Set Design Visualizations for Salter Studios
3D visualization work helping Salter Studios communicate set design concepts before production begins.
A Decade of Fast Turnarounds
Ian Salter is a set designer and creative director whose work spans fashion, film, and media — the kind of creative whose briefs arrive fully formed and need to be built yesterday. I've been his 3D collaborator for over a decade, translating his spatial ideas into tight-deadline renders and visualizations that can be pitched to clients before a single physical element exists. When Ian has a week, I have a day. That constraint is the whole game.
AI Briefs, Real Geometry
As AI image generation has embedded itself into the creative process, client asks have stopped being limited by what anyone can describe and started being limited only by time and budget.
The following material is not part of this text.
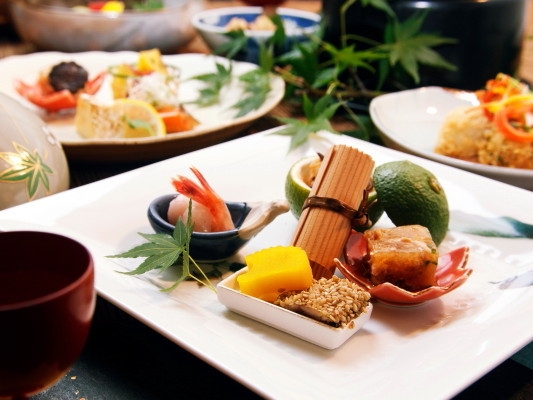 甲州名物馬刺しとクリスタルポークしゃぶしゃぶプラン　（食事はお食事会場）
Ian regularly works from AI-generated references — images that look convincing on screen but contain zero structural information: impossible sight lines, furniture that doesn't fit the laws of physics, rooms that couldn't be built. My job is to take those images seriously as creative intent and reconstruct them as real geometry: objects modeled to accurate dimensions, placed in space at scale, rendered from camera heights and angles that would actually exist on a real set.
From Reference to Reality
The work requires equal parts spatial reasoning and creative fidelity. A prop sourced from a 2D AI image needs to be modeled from scratch, matched to a specific aesthetic, and dropped into a scene that will eventually become a physical environment someone builds and lights and shoots in. The render isn't the final product — it's the argument that the idea is worth building. Getting that argument right, quickly, is what I'm there for.